By Rebecca Ford
March 17, 2022
There’s a scene in the 2016 film Jackie, starring Natalie Portman as Jacqueline Kennedy, in which the first lady takes a group of reporters through the East Wing, an area of the White House that up until then had been cut off from the public. When producer Cathy Schulman saw this moment, in which Kennedy points out where the first ladies before her had placed their things, she had a revelation. “I was like, Oh, my God, they all slept in the same rooms,” she tells Vanity Fair. “It’s so peculiar. I mean, not to sound perverse, but I was like, Oh, my God, imagine if these White House walls could talk.”
That inkling of an idea eventually blossomed into The First Lady, a new anthology series at Showtime that aims to reveal the journeys of some of America’s most formidable first ladies and how they are, in some ways, all connected. The first season, directed by Susanne Bier and debuting on Showtime on April 17, follows Michelle Obama, Betty Ford, and Eleanor Roosevelt as each of them navigates their place in the White House and in history. The show captures Roosevelt’s challenges with her husband’s health and also her desire to have a more proactive role in politics; Ford’s struggles with alcoholism and life within the White House walls; and Obama’s concerns for the safety of her family but also her determination to help other families while in her role as first lady.
Not only does the series capture three iconic women, but three of Hollywood’s most talented actors dove in to play them. Viola Davis plays Obama, Michelle Pfeiffer stars as Ford, and Gillian Anderson portrays Roosevelt. “We really wanted to focus our choices on who we felt as an actress would best embody the ladies, and we focused less on ‘do they look like the ladies?’ because that became very distracting as a notion,” says Schulman, who is the showrunner of the series.
“They all brought an incredible strength and incredible honesty,” says Bier, whose previous work includes Bird Box and HBO’s The Undoing, adding that each actor brought a unique style to their performance. “Michelle Pfeiffer brought so much sense of humor and elegance. And then Viola brought this crazy depth,” she says. “And then you had Gillian who was so secretive and magnetic and really strong and vulnerable at the same time.”
But once the leads had been cast, Schulman and Bier also had to cast actors to play the three women in their early years. These three rising stars—Jayme Lawson, who most recently appeared in The Batman, plays Obama; Kristine Froseth, from Looking for Alaska, plays Ford; and Eliza Scanlen, known for starring in Sharp Objects and Little Women, plays Roosevelt—help the show to explore how each woman found the path that would eventually lead her to the White House.
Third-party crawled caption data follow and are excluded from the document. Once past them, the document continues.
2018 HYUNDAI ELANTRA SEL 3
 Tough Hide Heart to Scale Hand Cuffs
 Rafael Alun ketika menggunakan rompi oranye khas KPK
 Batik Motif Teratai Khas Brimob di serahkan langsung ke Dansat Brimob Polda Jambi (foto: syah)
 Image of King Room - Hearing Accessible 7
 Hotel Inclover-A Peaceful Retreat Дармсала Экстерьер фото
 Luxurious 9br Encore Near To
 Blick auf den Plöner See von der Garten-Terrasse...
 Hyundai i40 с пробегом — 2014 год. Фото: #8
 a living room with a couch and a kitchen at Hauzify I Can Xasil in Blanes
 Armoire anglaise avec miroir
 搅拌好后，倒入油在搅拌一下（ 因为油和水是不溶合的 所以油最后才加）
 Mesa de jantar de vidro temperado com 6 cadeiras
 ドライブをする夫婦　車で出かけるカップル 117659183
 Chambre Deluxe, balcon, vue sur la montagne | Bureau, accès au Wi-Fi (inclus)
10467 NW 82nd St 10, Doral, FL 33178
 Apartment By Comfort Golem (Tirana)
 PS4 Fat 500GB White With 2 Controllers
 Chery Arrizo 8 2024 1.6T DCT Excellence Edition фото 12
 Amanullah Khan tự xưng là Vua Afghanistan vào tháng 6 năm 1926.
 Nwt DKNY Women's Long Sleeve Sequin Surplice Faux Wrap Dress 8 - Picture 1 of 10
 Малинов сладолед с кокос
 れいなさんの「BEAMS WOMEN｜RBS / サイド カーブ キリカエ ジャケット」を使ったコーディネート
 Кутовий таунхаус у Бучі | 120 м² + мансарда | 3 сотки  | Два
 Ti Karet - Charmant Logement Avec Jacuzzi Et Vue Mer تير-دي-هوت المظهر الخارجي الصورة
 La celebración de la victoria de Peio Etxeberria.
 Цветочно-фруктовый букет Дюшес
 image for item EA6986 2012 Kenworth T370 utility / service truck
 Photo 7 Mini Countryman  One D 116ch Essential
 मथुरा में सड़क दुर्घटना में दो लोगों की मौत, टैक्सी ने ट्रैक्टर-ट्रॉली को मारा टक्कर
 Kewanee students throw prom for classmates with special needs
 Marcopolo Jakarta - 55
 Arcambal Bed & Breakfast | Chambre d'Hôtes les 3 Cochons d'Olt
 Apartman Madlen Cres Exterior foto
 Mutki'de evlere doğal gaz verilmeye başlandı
The pairings, which can be seen in Vanity Fair’s exclusive first-look images, “had to be more about appearance, but we still wanted to make an energetic kind of connectivity,” says Schulman.
Bier agrees that it wasn’t as much about similarities in appearance, but “more in spirit. There are certain mannerisms—the certain way you walk, the way you blink an eye, or certain other things—that we might not think that much about, but that was sort of filtered into both the younger [version] and the actual first lady.”
As for the rest of the cast, Bier estimates she saw around 4,000 audition tapes to cast the whole series, which features 500 extras and a supporting cast that includes Aaron Eckhart, Dakota Fanning, Kiefer Sutherland, Judy Greer, and O-T Fagbenle. The scope of the series was akin to three feature films, with each first lady’s story filmed consecutively and then all of them mixed together in editing. While the stories were all different, and the women were living in very different periods of American history, both Bier and Schulman say there was connective tissue between their stories. “The whole point was to always sort of finish one sentence with another character’s sentence, but sometimes you’re looking for similarities and sometimes you’re looking for quite the opposite to make a point,” says Schulman.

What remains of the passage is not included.